Comme je vis en Espagne, quelqu´un pourrait-il me dire comment font les bibliothèques en France?
Je vous remercie d´avance pour vos opinions et vos conseils
Au revoir

*Note des modérateurs :* Plusieurs fils ont été fusionnés pour créer celui-ci.


----------



## Agnès E.

Bonjour,
En effet, c'est cette règle qui me semble la plus appliquée.

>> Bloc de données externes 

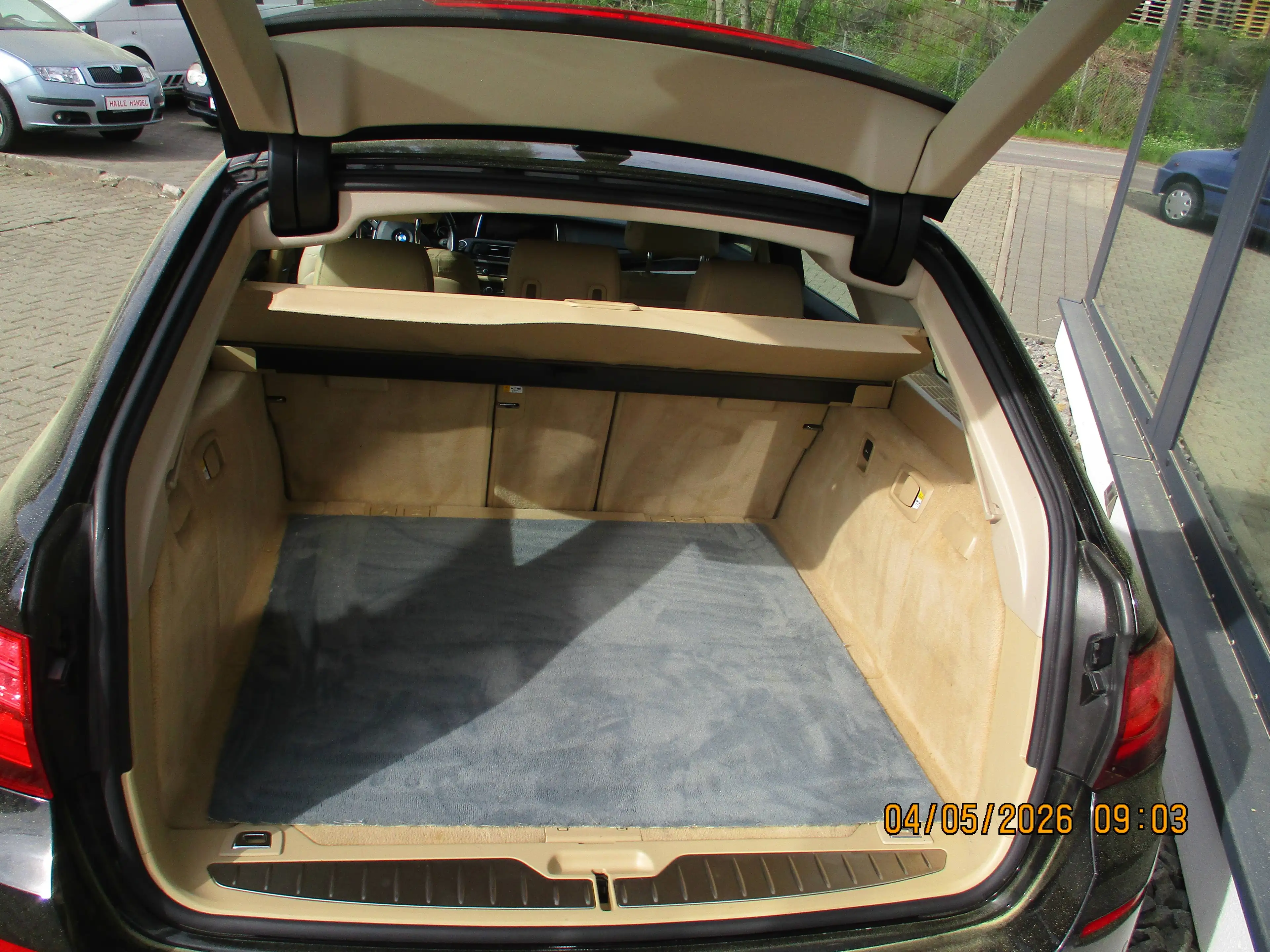 BMW 525 525 d Luxury — photo 5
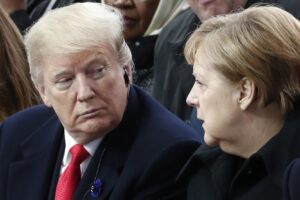 Effetto Trump sul gas russo: la Merkel cerca l’alternativa nel Mar Caspio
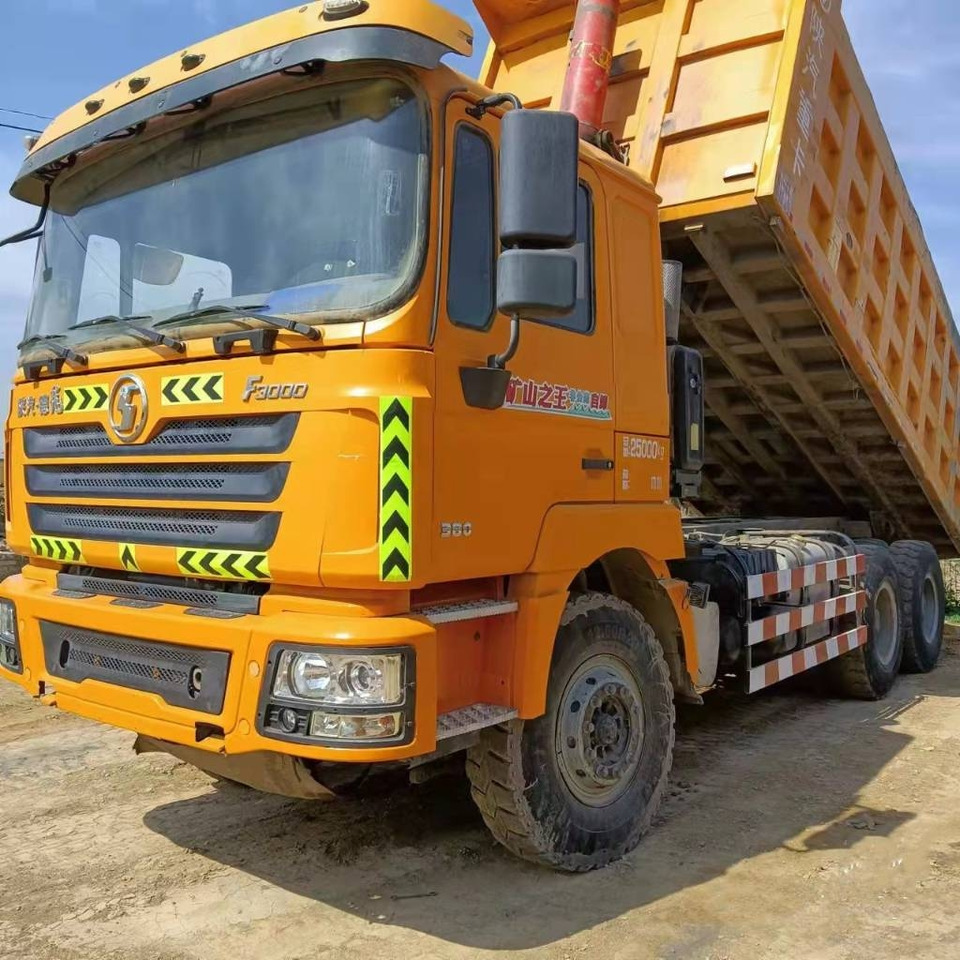 Shacman F3000 6x4 - Tipper: picture 1 Shacman F3000 6x4 - Tipper: picture 1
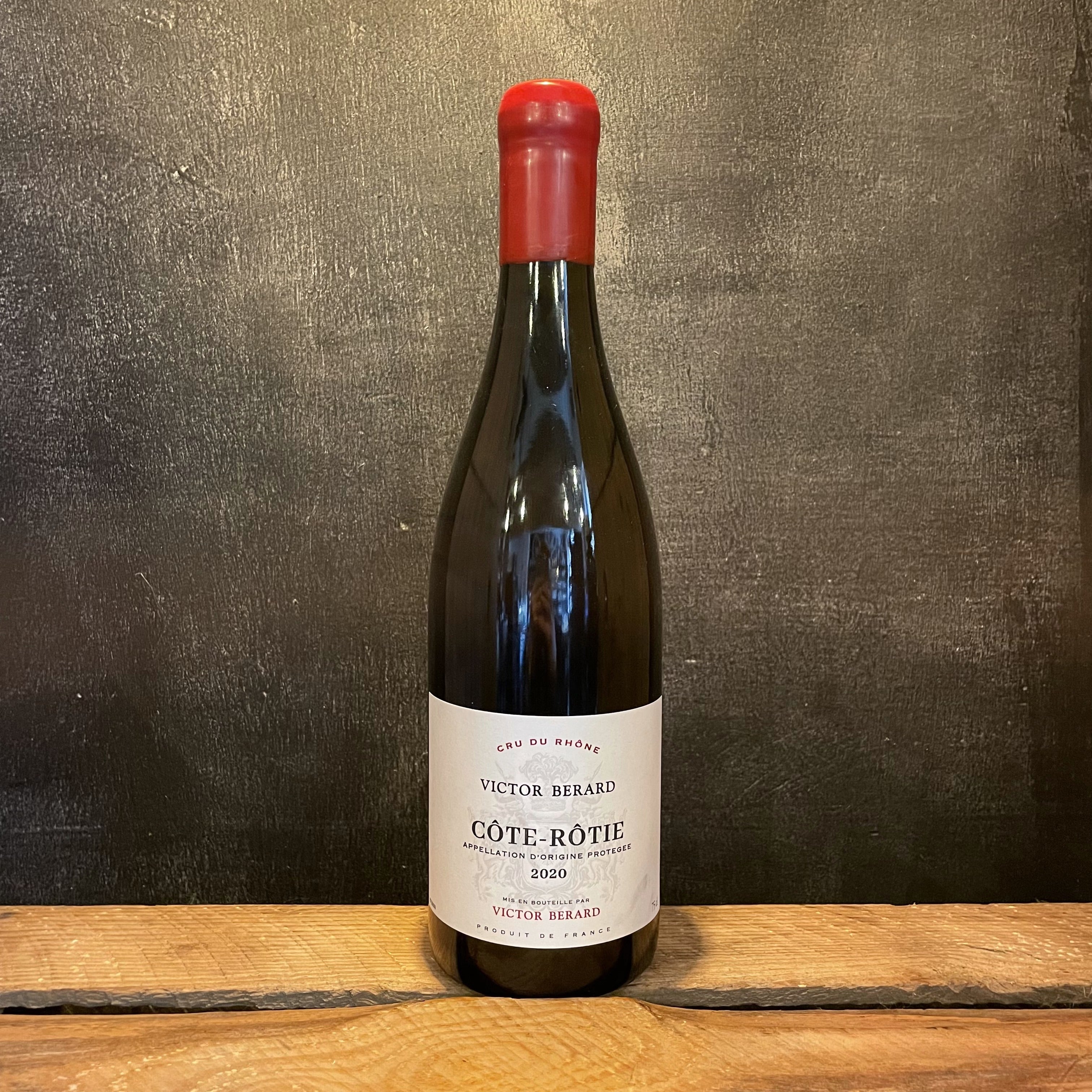 CÔTES DU RHÔNE - VICTOR BERARD - CÔTE RÔTIE - 2022
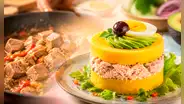 El único plato con atún de América Latina entre los 10 mejores del mundo, según ranking 2026: un jugo de limón mejora su sazón
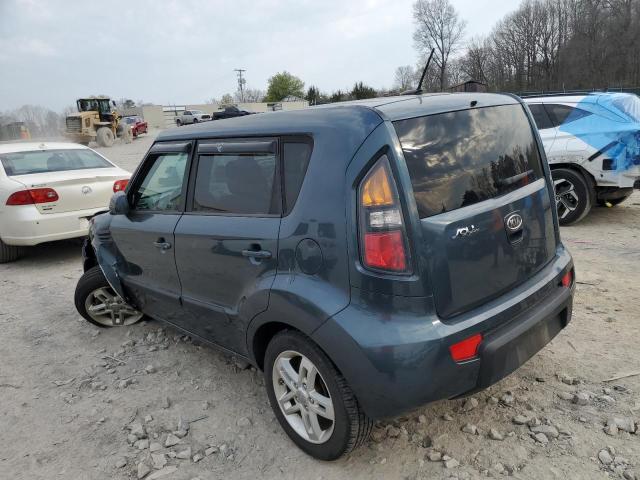 Photo 2 from auction – 2011 KIA SOUL + with VIN KNDJT2A21B7212360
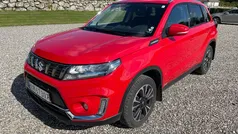 Zcf rød Brugt 2022 Suzuki Vitara Adventure SUV | 219.800 kr. (Fair pris)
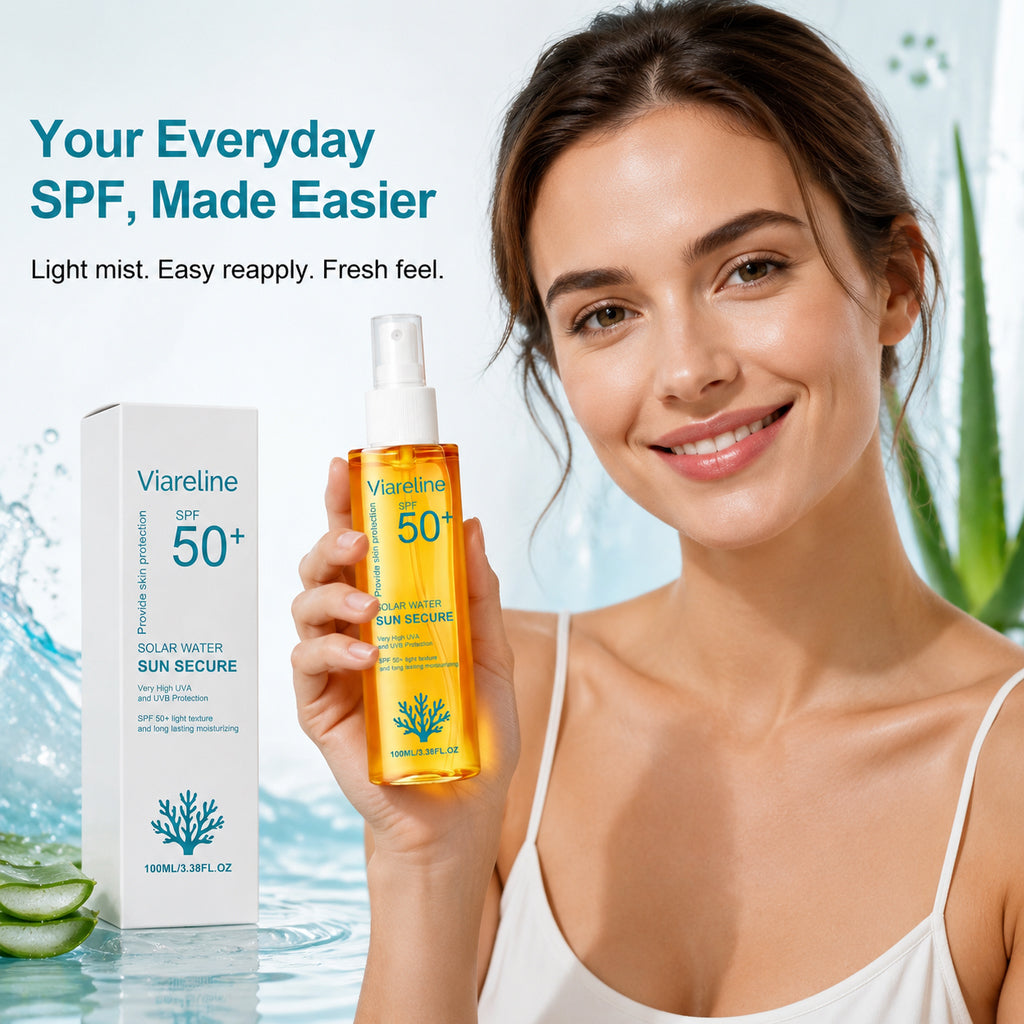 SPF 50+ Hydrating Solar Water Spray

Je pense que vous devriez faire quelques recherches sur les sites internet des grandes maisons d'édition françaises (que je ne citerai point ici pour ne pas enfreindre les règles sur la publicité... ).


----------



## xav

(le plus appliquée)

Je vous proposerais bien, pour ma part, de rédiger comme l'éditeur l'a fait lui-même : c'est en général
- en connaissance de cause
- et après mûre réflexion 
qu'il a décidé de ne pas suivre la règle...

De toute manière, l'informatique saura bien retrouver le titre, avec ou sans majuscule, c'est cela le plus important.


----------



## Mammouth

Bonjour,
Ma mère est bibliothécaire, et tous les titres sur les fiches sont écrit avec une majuscule sur le premier mot qui suit l'éventuel article (et non le premier substantif). Le fait que cette règle ne soit pas toujours (et de moins en moins) respéctée est du je pense à des motifs essentiellement esthétiques. (c'est l'éditeur qui impose cela la plupart du temps, non l'auteur. Souvent même c'est l'éditeur qui choisi le titre...)

Cela fait parti des choses qui, comme le subjonctif, les majuscules, les accents... auront disparu dans 50 ans...


----------



## UrsaeMinoris

Bonsoir,

Si un titre commence par "le", "la", "les" : on utilisera la majuscule jusqu'au premier nom.
Si le titre commence par "un", on suivra tout de suite en minuscule.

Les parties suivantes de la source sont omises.